--- Records to process ---
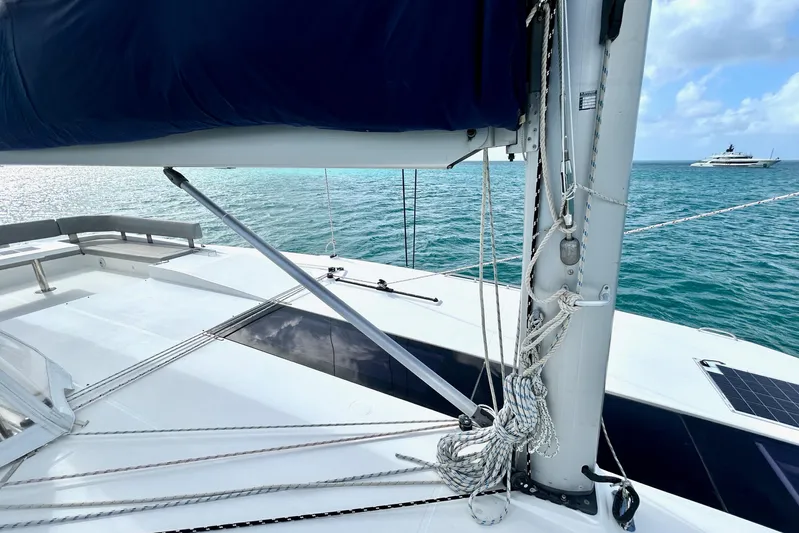  Yacht Photos Pics 2020 Leopard 50 yacht deck with ropes and ocean view.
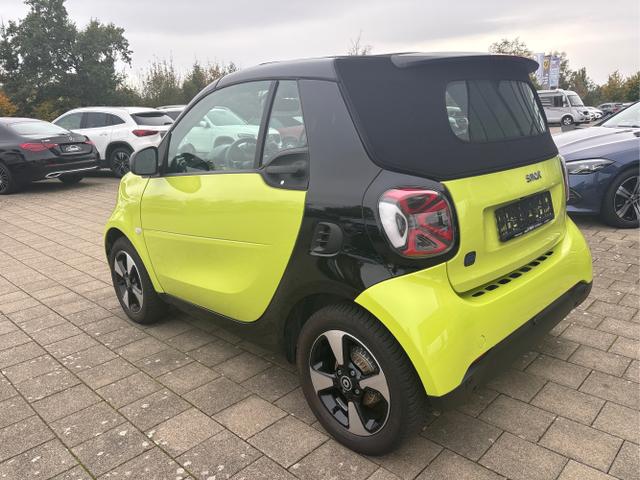 Smart / fortwo / Hellgr&uuml;n / / / smart EQ cabrio, passion, Exclusive-Paket, 22 KW Bordlader, Ladekabel-Paket,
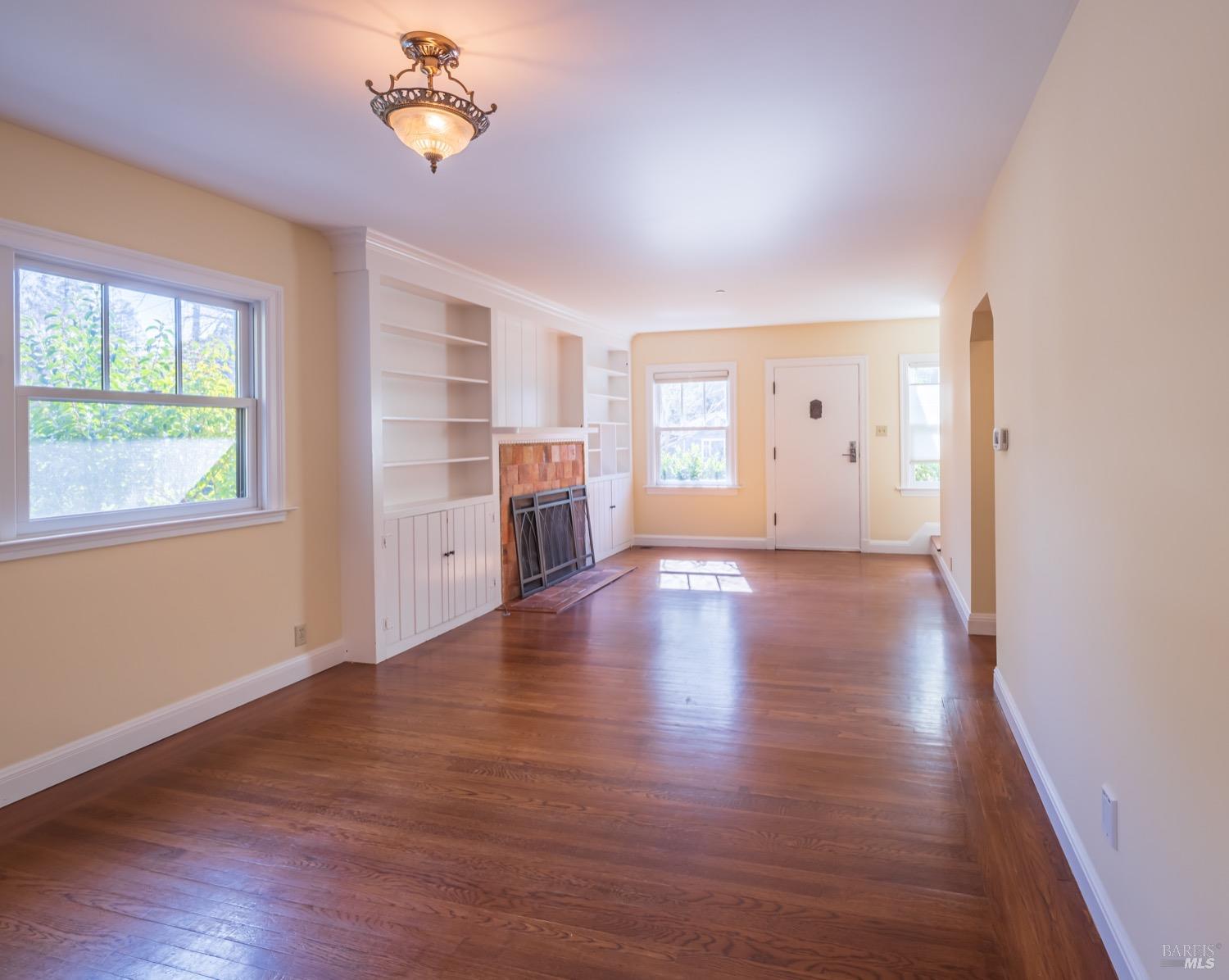 2020-2022 Fifth Avenue San Rafael, CA 94901 - Photo 4 of 22 2020 Living Room
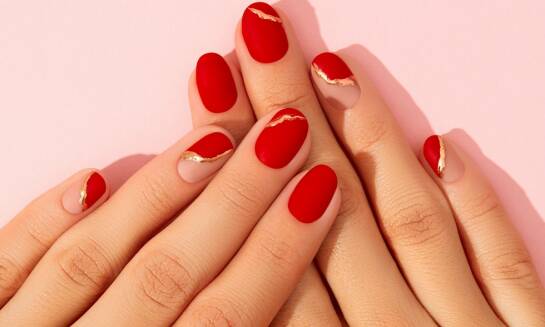 Efekty manicure hybrydowego – trwałość i piękno przez długi czas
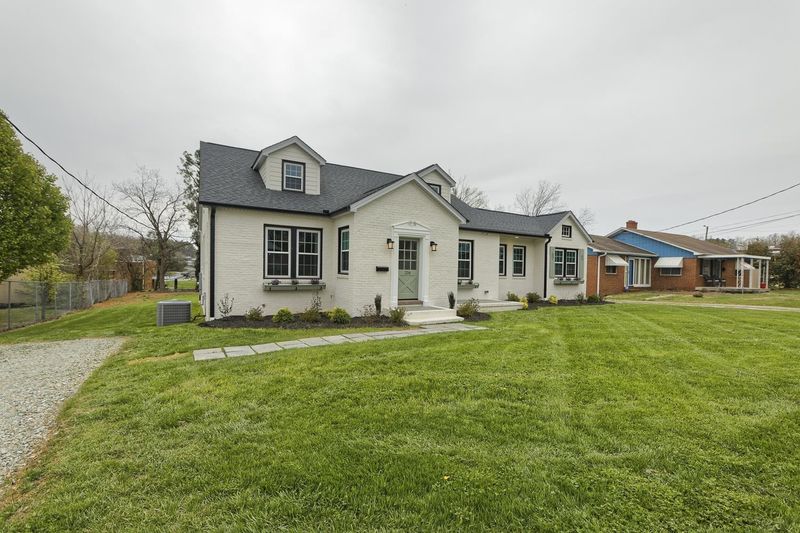 216 S Morgan St, Roxboro, NC 27573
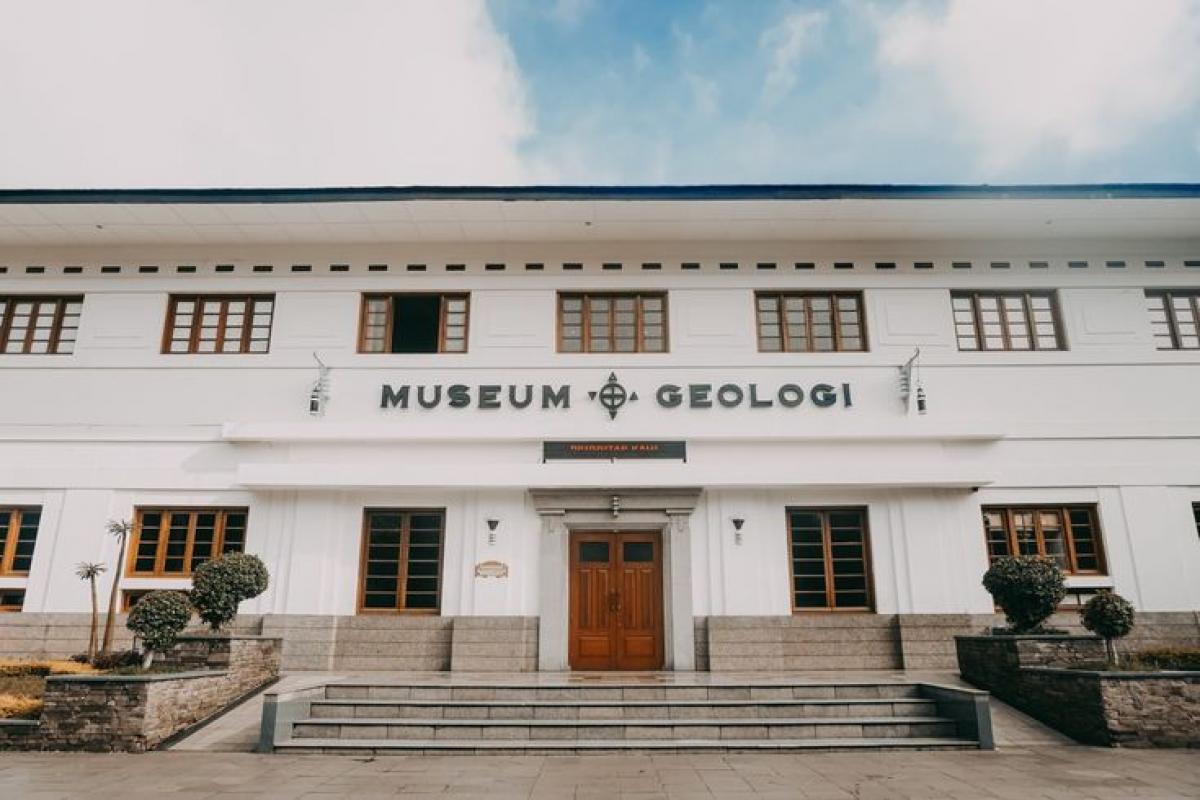Museum Geologi Bandung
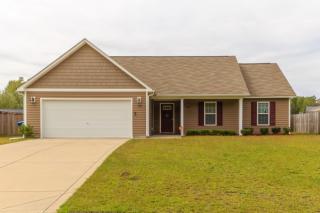 328 Broad Dr, Raeford, NC 28376-7359
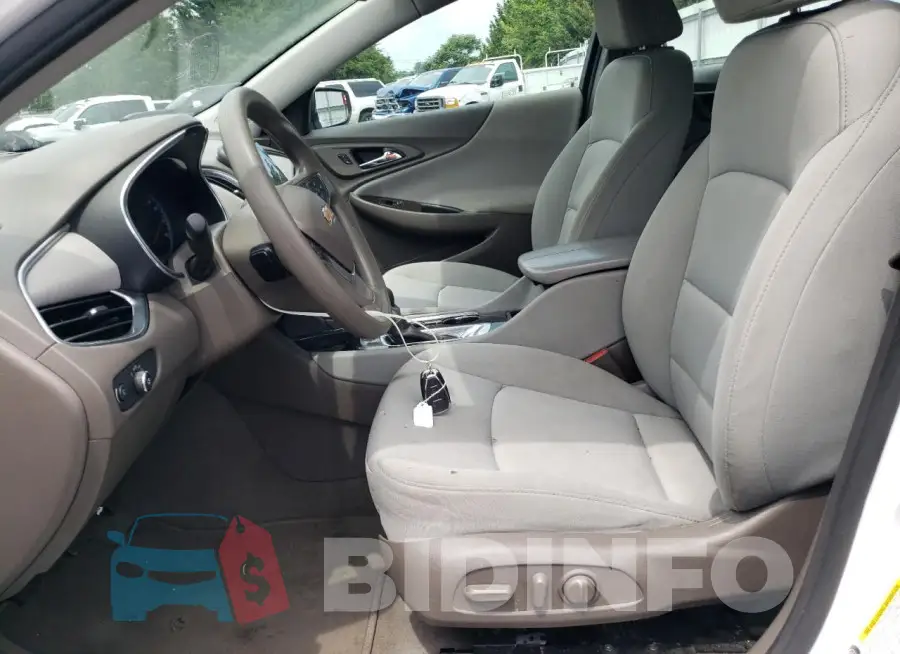 1G1ZD5ST7MF005742 Photo# 7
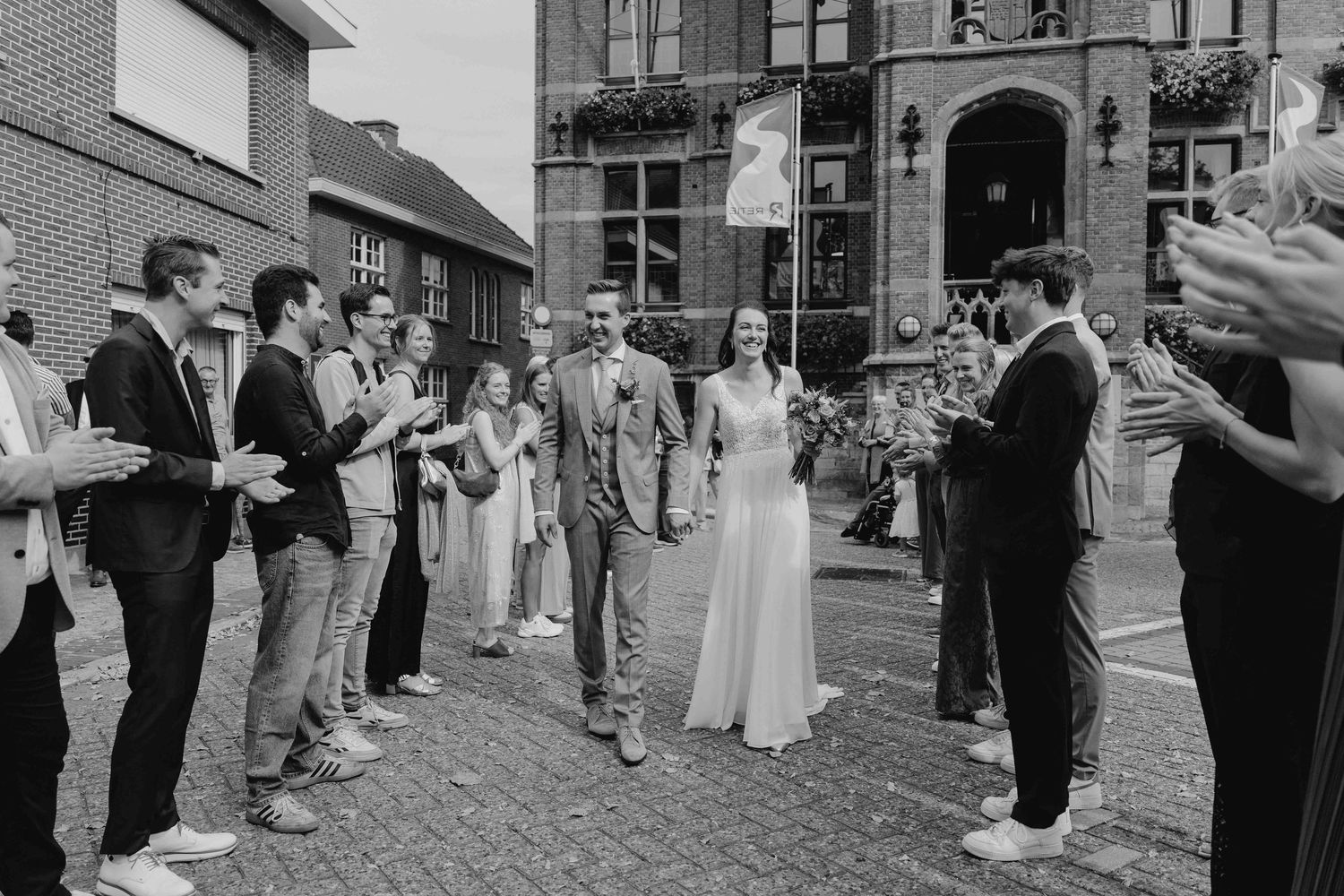 gemeentehuis Retie huwelijksfoto koppel net getrouwd van huwelijksfotograaf en videograaf based in Antwerpen.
---
(Instructions to follow): Although the records above contain pictures, the copy should not; retype exactly the lines from the one containing "Smart / fortwo" through the one containing "Efekty manicure hybrydowego".

(Solution to this problem):
 Smart / fortwo / Hellgr&uuml;n / / / smart EQ cabrio, passion, Exclusive-Paket, 22 KW Bordlader, Ladekabel-Paket,
 2020-2022 Fifth Avenue San Rafael, CA 94901 - Photo 4 of 22 2020 Living Room
 Efekty manicure hybrydowego – trwałość i piękno przez długi czas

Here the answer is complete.